Students will develop a comprehensive understanding of probabilistic approaches to machine learning, a key component underlying areas such as artificial intelligence, natural language processing, speech recognition, computer vision, bioinformatics, and so forth. The course will provide a tutorial introduction to the basic principles of probabilistic modeling and then demonstrate the application of these principles to the analysis, development, and practical use of machine learning algorithms.

Topics covered will include probabilistic modeling, defining likelihoods, parameter estimation using likelihood and Bayesian techniques, probabilistic approaches to classification, clustering, and regression, and related topics such as model selection and bias/variance tradeoffs.
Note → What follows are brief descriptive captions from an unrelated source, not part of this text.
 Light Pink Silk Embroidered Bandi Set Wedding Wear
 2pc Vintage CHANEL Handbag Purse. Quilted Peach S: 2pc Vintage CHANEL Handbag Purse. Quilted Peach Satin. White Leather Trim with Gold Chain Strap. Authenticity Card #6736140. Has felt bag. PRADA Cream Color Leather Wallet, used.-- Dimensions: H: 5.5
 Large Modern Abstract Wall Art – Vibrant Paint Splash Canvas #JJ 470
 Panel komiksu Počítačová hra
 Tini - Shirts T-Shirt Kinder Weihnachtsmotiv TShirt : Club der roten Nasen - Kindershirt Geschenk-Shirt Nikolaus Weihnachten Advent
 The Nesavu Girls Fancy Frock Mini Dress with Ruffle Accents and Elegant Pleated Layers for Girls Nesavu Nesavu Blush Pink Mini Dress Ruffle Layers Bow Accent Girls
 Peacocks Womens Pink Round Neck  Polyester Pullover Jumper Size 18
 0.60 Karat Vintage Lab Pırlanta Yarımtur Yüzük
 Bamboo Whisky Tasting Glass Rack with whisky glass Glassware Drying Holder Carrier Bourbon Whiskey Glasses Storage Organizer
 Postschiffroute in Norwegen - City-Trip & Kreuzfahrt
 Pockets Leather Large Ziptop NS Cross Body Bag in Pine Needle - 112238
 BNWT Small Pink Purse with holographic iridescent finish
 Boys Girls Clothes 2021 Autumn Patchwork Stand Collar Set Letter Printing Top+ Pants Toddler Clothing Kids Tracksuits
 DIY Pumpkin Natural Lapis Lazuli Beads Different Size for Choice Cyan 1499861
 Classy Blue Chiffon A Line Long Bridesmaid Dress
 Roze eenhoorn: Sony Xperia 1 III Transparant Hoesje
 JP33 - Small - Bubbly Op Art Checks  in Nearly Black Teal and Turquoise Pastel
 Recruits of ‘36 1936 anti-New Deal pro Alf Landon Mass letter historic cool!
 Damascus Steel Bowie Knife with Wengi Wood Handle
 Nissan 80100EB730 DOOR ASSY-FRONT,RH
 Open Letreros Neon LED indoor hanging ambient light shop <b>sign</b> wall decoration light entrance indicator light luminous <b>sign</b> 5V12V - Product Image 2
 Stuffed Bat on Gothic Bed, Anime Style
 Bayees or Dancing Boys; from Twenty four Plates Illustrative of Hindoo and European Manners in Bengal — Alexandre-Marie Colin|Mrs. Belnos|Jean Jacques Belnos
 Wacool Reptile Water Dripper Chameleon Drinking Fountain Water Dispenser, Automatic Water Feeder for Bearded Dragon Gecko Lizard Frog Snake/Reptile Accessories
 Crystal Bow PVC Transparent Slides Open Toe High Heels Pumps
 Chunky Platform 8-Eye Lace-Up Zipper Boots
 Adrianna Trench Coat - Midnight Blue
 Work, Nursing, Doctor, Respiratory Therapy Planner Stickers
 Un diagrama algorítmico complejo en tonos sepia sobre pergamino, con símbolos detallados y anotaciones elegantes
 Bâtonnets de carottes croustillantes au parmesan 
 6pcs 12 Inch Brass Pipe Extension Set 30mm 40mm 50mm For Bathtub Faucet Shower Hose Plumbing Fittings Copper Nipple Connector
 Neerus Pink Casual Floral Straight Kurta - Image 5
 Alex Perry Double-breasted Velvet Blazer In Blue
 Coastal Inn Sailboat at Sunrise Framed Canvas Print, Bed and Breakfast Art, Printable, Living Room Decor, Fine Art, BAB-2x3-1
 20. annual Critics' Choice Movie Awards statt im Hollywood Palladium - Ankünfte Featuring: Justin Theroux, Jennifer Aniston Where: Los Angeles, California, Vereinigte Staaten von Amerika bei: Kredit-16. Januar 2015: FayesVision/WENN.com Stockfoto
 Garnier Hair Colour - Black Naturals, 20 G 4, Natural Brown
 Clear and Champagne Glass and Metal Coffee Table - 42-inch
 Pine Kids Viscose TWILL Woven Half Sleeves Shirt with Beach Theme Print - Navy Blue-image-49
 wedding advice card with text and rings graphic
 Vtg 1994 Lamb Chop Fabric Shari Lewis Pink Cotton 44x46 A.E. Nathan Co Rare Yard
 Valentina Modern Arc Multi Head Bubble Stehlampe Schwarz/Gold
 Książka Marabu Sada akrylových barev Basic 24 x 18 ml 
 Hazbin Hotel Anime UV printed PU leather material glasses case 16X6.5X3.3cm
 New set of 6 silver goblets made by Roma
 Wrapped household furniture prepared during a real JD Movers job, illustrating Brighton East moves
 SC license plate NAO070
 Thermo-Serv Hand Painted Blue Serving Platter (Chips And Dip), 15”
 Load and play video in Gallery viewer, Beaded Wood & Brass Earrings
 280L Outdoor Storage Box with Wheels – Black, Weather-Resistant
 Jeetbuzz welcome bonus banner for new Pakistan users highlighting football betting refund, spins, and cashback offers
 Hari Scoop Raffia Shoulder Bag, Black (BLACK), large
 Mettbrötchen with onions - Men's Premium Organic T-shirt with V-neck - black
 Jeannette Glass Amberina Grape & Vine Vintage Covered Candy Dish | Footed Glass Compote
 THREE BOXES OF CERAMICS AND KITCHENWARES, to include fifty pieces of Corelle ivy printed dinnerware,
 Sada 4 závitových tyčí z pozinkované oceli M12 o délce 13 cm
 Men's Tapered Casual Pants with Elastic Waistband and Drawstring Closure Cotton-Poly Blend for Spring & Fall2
Discussion of topics such as deep learning, generative models, and large language models will be incorporated where relevant.

Background Knowledge

Knowledge of basic concepts in probability, multivariate calculus, and linear algebra are important for this course. In particular a good understanding of basic concepts in probability (conditional probability, expectation, multivariate probability models, density functions, etc) is important. If you are not sure whether you have the relevant background or not, please take a look at Chapters 5.1 to 5.5 and 6.1 to 6.5 in Mathematics for Machine Learning: its fine if you have not seen all of this material before, but it will be helpful for this class if you are fairly comfortable with the level of notation and mathematics used in these chapters.

Homeworks

• There will be 5 or 6 homeworks during the quarter, including some small projects. Homeworks and deadlines will be posted here as they become available. Homeworks will be submitted and graded via Gradescope.

Grading Policy

Final grades will be based on a combination of homework assignments and exams: 40% homeworks, 30% midterm, and 30% final. Your lowest scoring homework will be dropped and not included in your score. No credit for late homeworks.

Academic Integrity

Students are expected to read and be familiar with the Academic Integrity Policy for this class. Failure to adhere to this policy can result in a student receiving a failing grade in the class.